Restate the listing below word for word, omitting any images.

━━━━━━━━━━

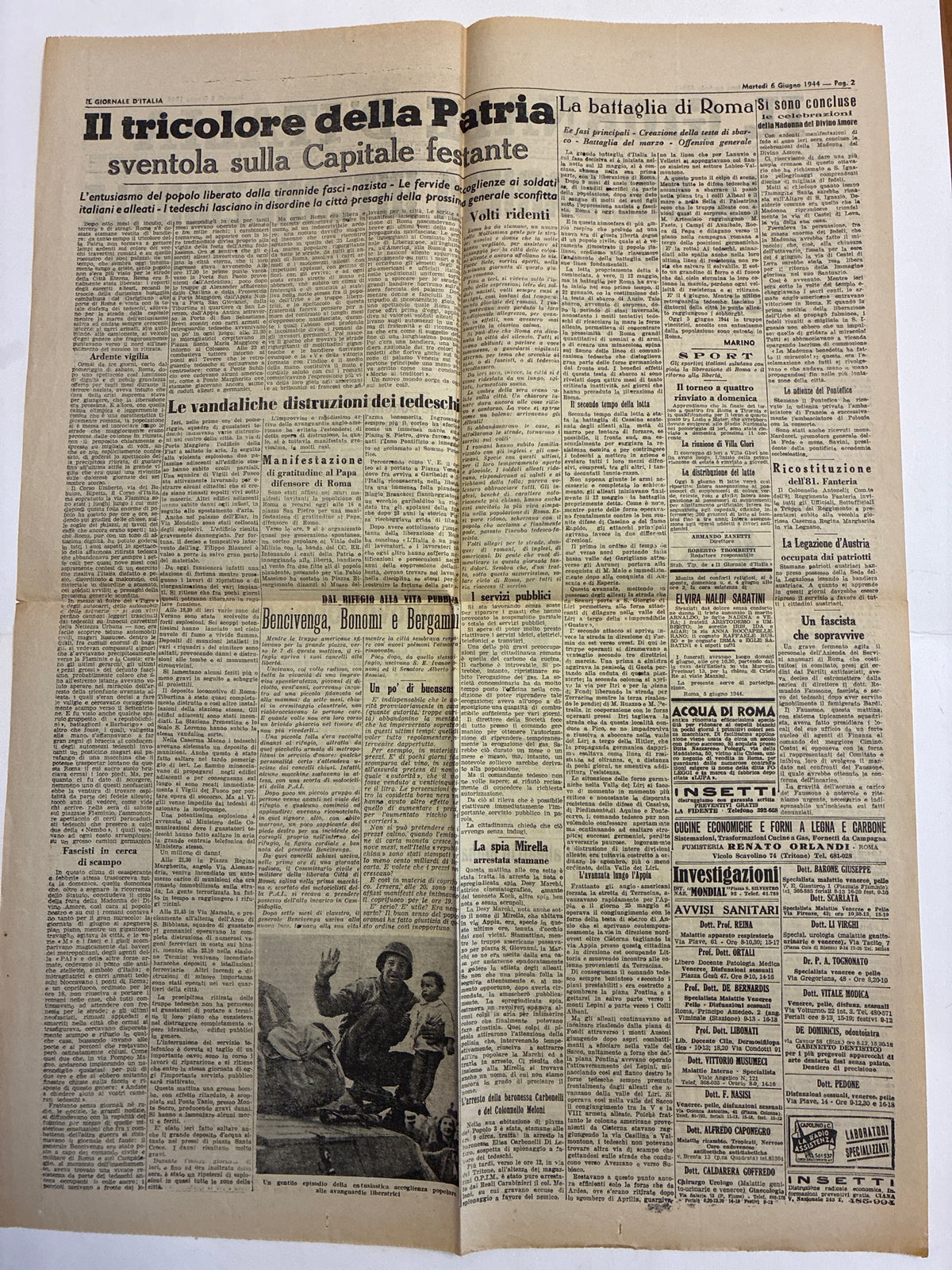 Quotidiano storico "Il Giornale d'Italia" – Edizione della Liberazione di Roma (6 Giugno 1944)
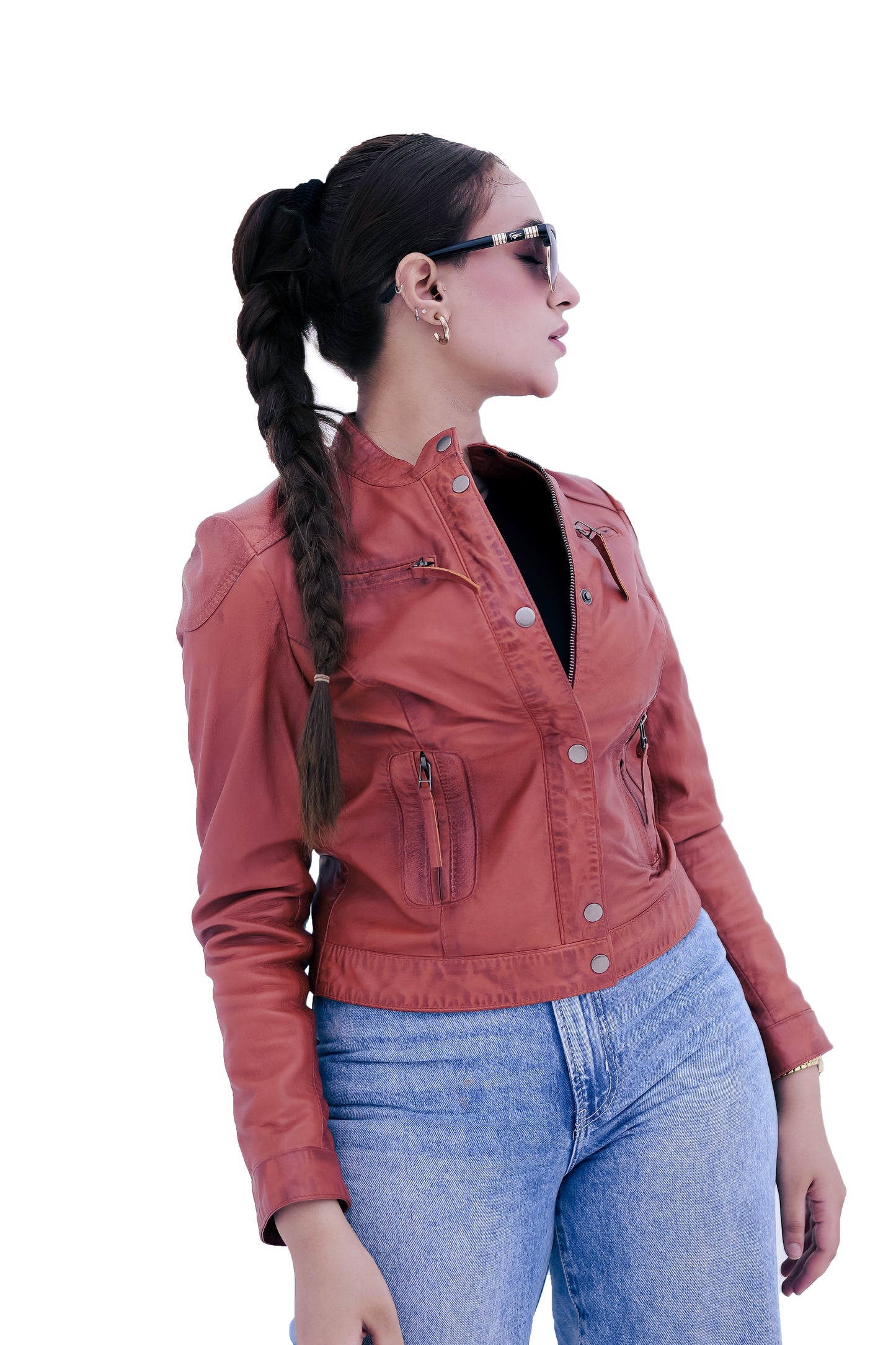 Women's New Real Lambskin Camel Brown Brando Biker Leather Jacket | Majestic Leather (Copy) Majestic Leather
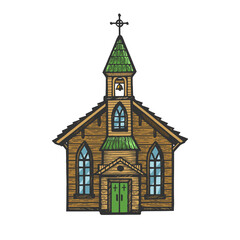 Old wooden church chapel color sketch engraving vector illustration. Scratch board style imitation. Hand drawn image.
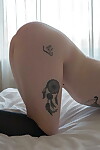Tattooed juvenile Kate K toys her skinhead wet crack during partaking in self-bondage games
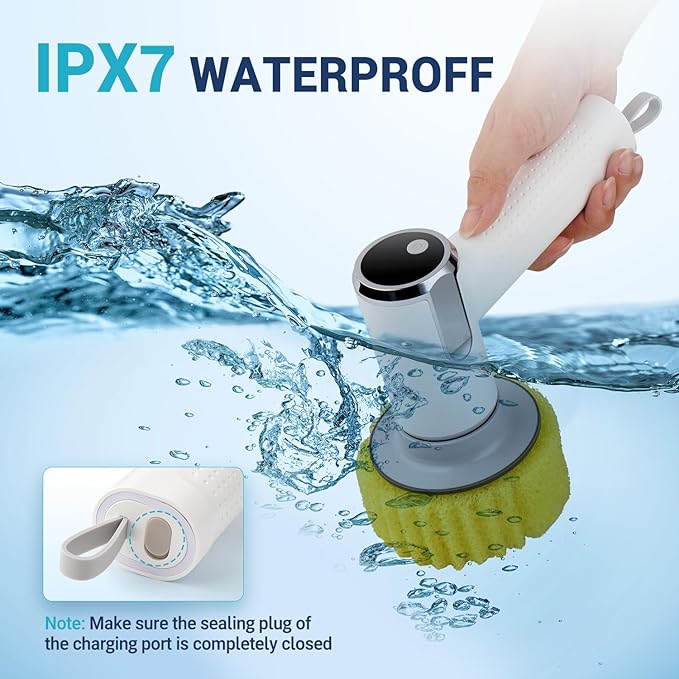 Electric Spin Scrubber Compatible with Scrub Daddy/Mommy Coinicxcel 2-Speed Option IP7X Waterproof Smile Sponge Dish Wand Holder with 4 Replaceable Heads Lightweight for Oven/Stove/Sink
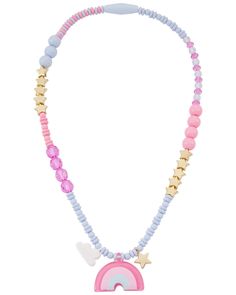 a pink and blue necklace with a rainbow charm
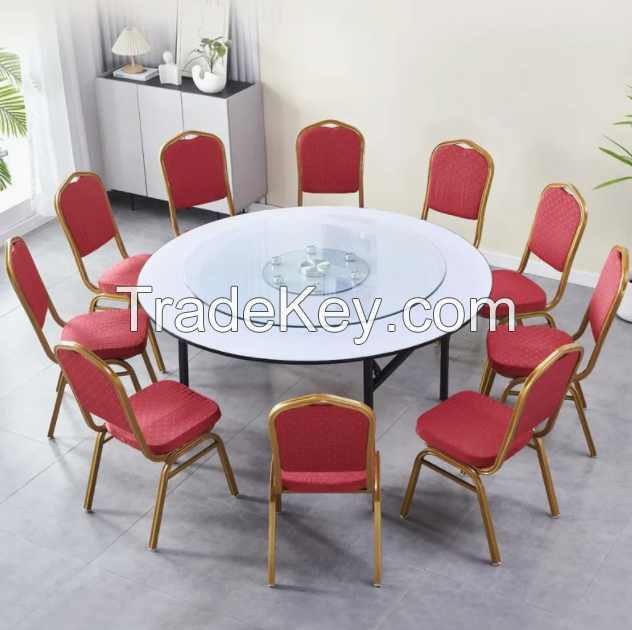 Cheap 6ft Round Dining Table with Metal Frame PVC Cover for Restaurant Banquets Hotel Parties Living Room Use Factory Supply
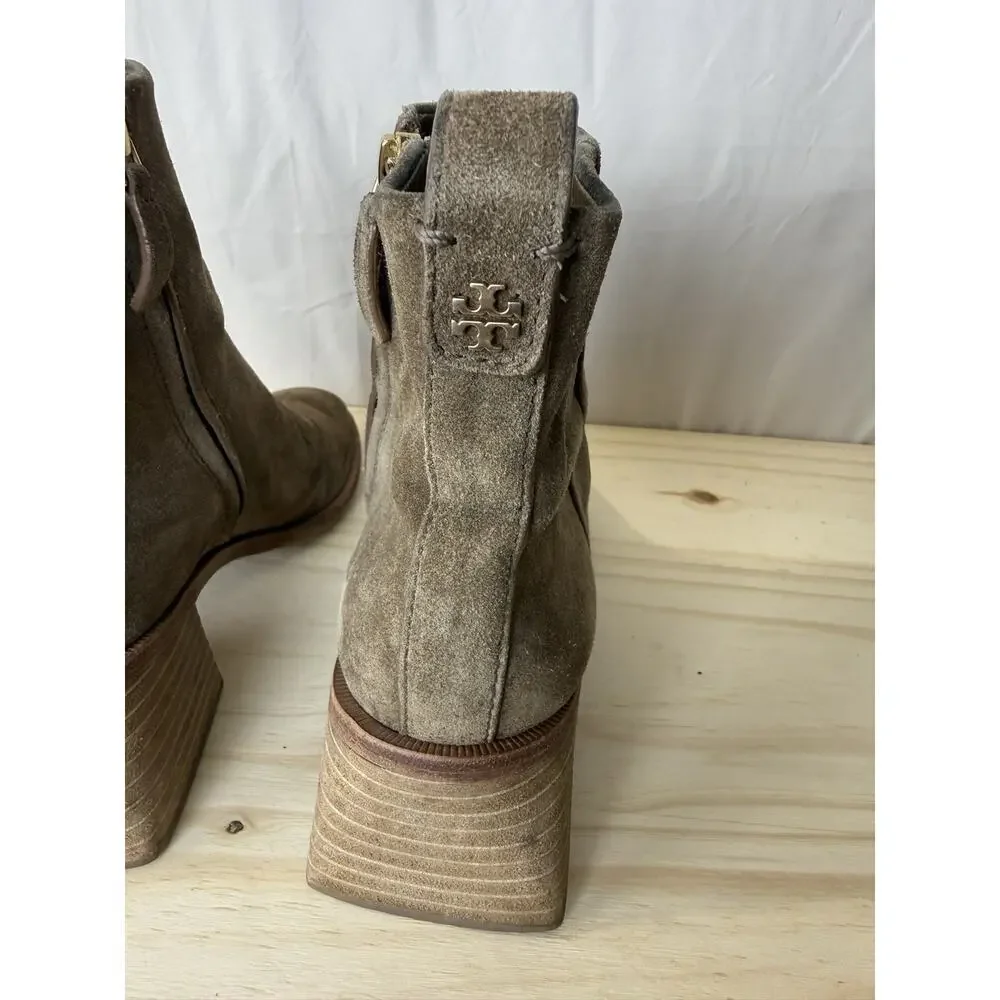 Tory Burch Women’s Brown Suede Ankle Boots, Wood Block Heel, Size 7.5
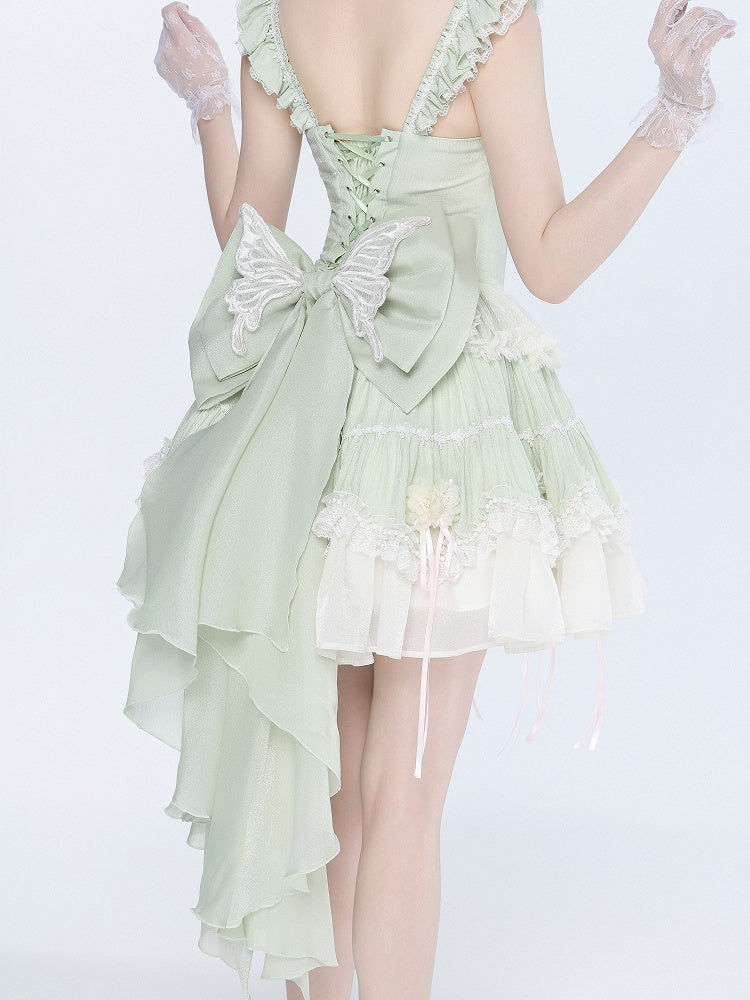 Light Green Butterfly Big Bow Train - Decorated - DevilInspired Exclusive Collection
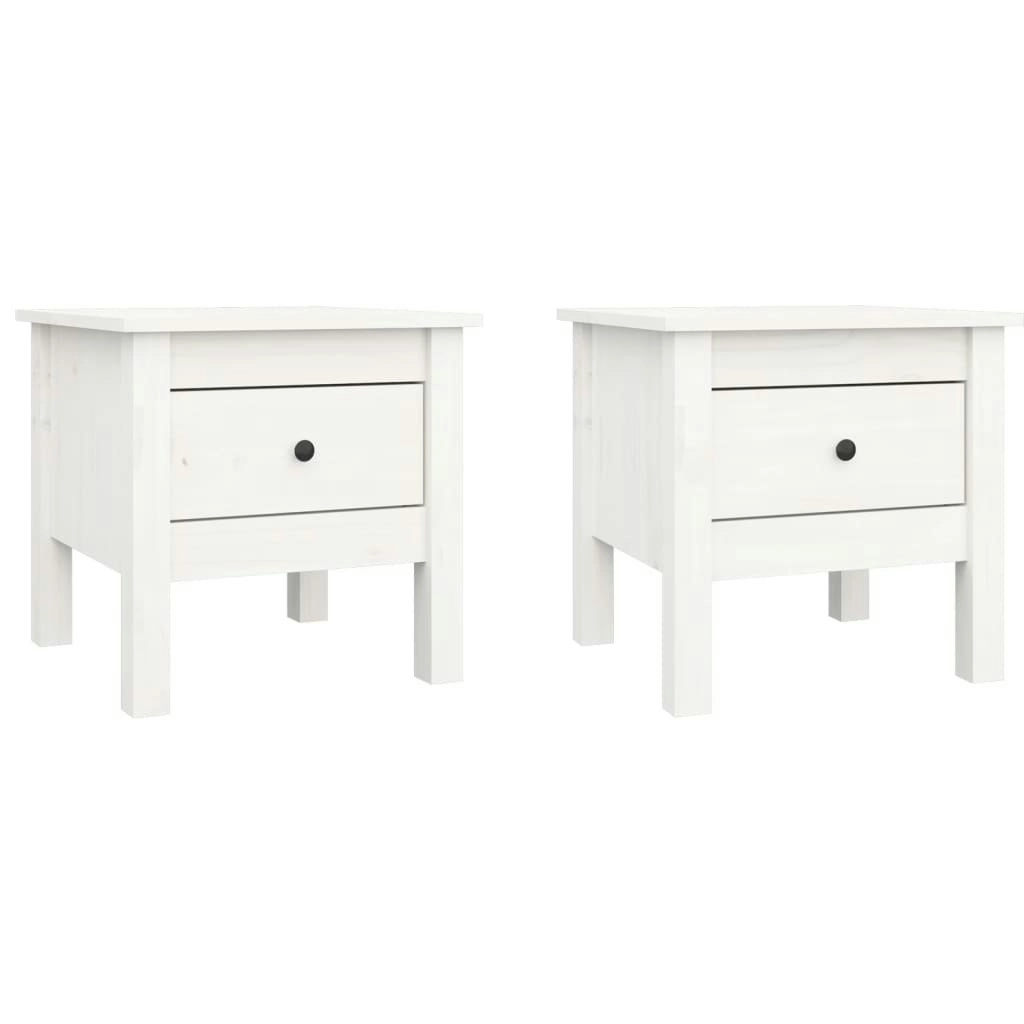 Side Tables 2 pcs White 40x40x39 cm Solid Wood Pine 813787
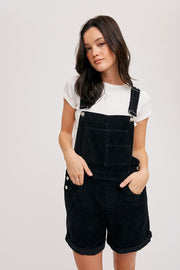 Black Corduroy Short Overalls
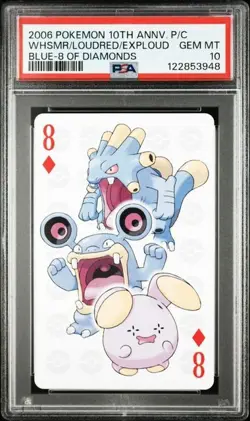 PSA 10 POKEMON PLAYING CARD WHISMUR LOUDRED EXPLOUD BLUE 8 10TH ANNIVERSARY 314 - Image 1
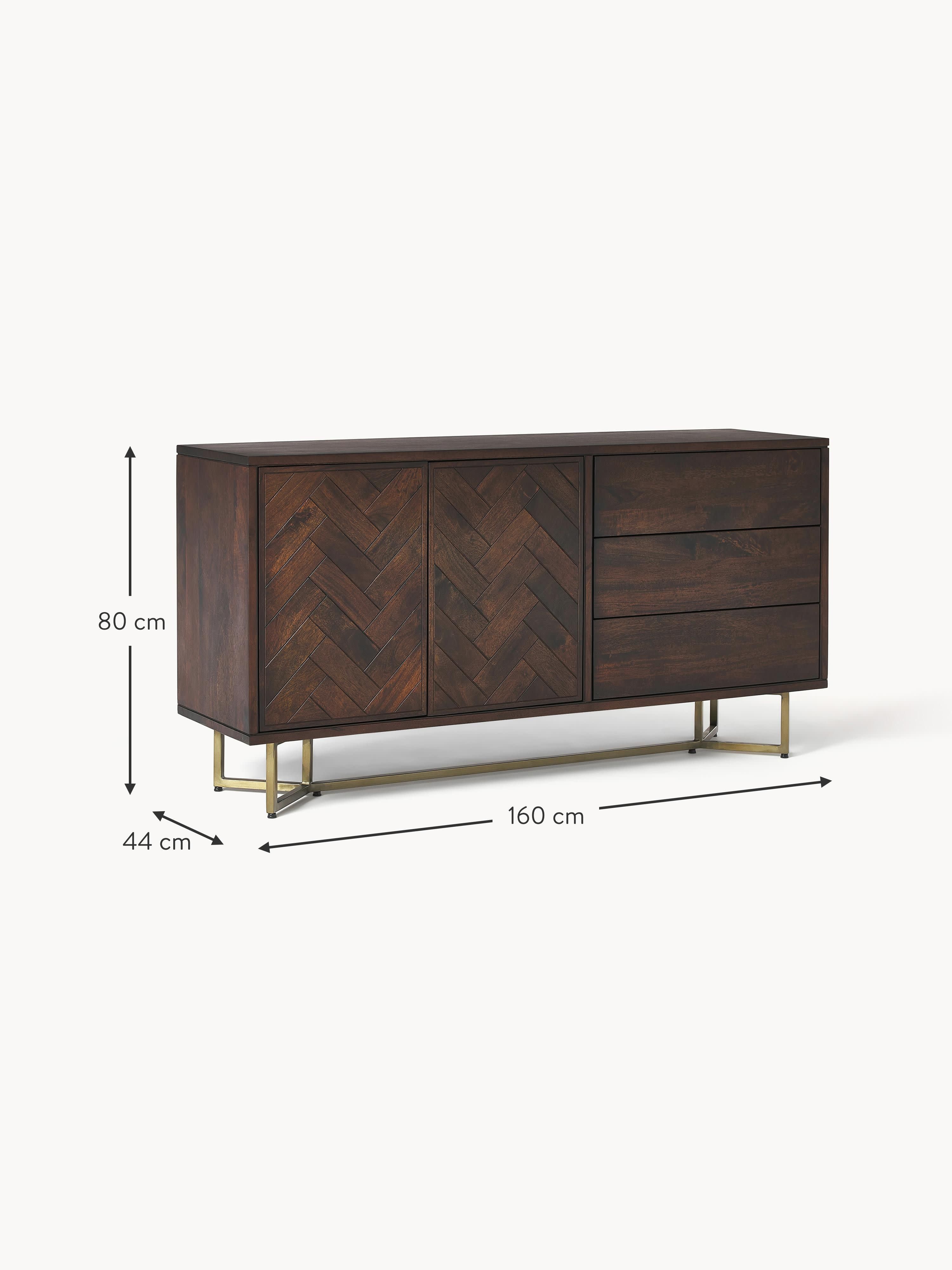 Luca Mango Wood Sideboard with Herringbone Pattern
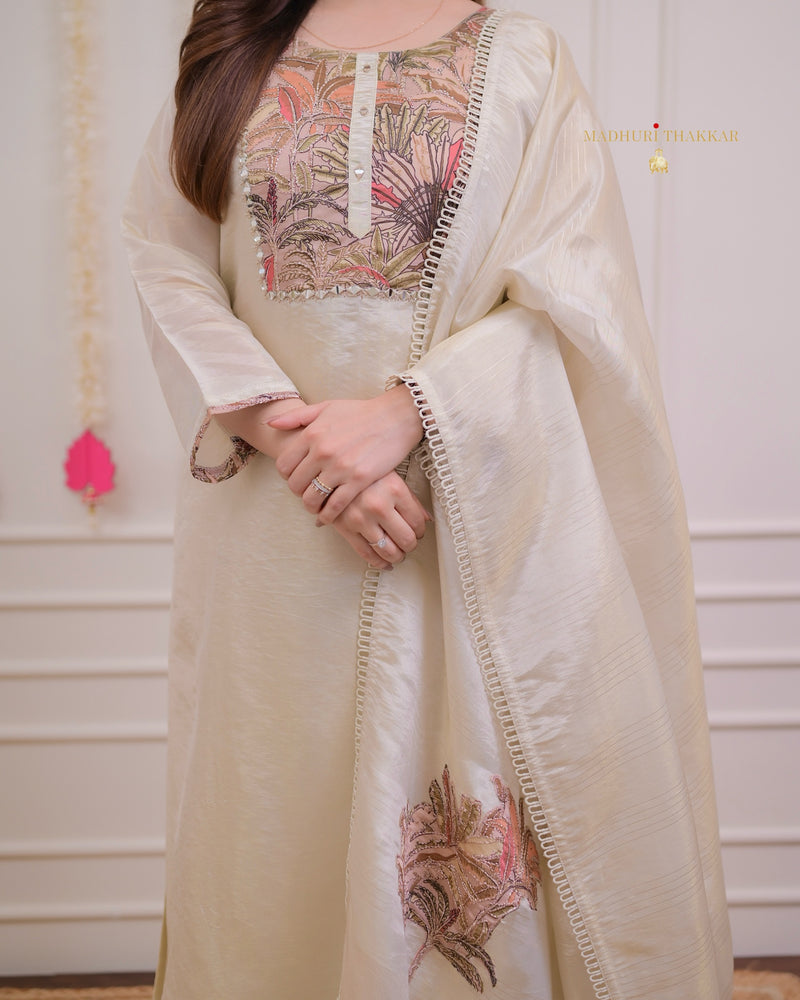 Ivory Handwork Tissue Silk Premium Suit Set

━━━━━━━━━━

= Result of the task =
 Quotidiano storico "Il Giornale d'Italia" – Edizione della Liberazione di Roma (6 Giugno 1944)
 Women's New Real Lambskin Camel Brown Brando Biker Leather Jacket | Majestic Leather (Copy) Majestic Leather
 Old wooden church chapel color sketch engraving vector illustration. Scratch board style imitation. Hand drawn image.
Tattooed juvenile Kate K toys her skinhead wet crack during partaking in self-bondage games
 Electric Spin Scrubber Compatible with Scrub Daddy/Mommy Coinicxcel 2-Speed Option IP7X Waterproof Smile Sponge Dish Wand Holder with 4 Replaceable Heads Lightweight for Oven/Stove/Sink
 a pink and blue necklace with a rainbow charm
 Cheap 6ft Round Dining Table with Metal Frame PVC Cover for Restaurant Banquets Hotel Parties Living Room Use Factory Supply
 Tory Burch Women’s Brown Suede Ankle Boots, Wood Block Heel, Size 7.5
 Light Green Butterfly Big Bow Train - Decorated - DevilInspired Exclusive Collection
 Side Tables 2 pcs White 40x40x39 cm Solid Wood Pine 813787
 Black Corduroy Short Overalls
 PSA 10 POKEMON PLAYING CARD WHISMUR LOUDRED EXPLOUD BLUE 8 10TH ANNIVERSARY 314 - Image 1
 Luca Mango Wood Sideboard with Herringbone Pattern
 Ivory Handwork Tissue Silk Premium Suit Set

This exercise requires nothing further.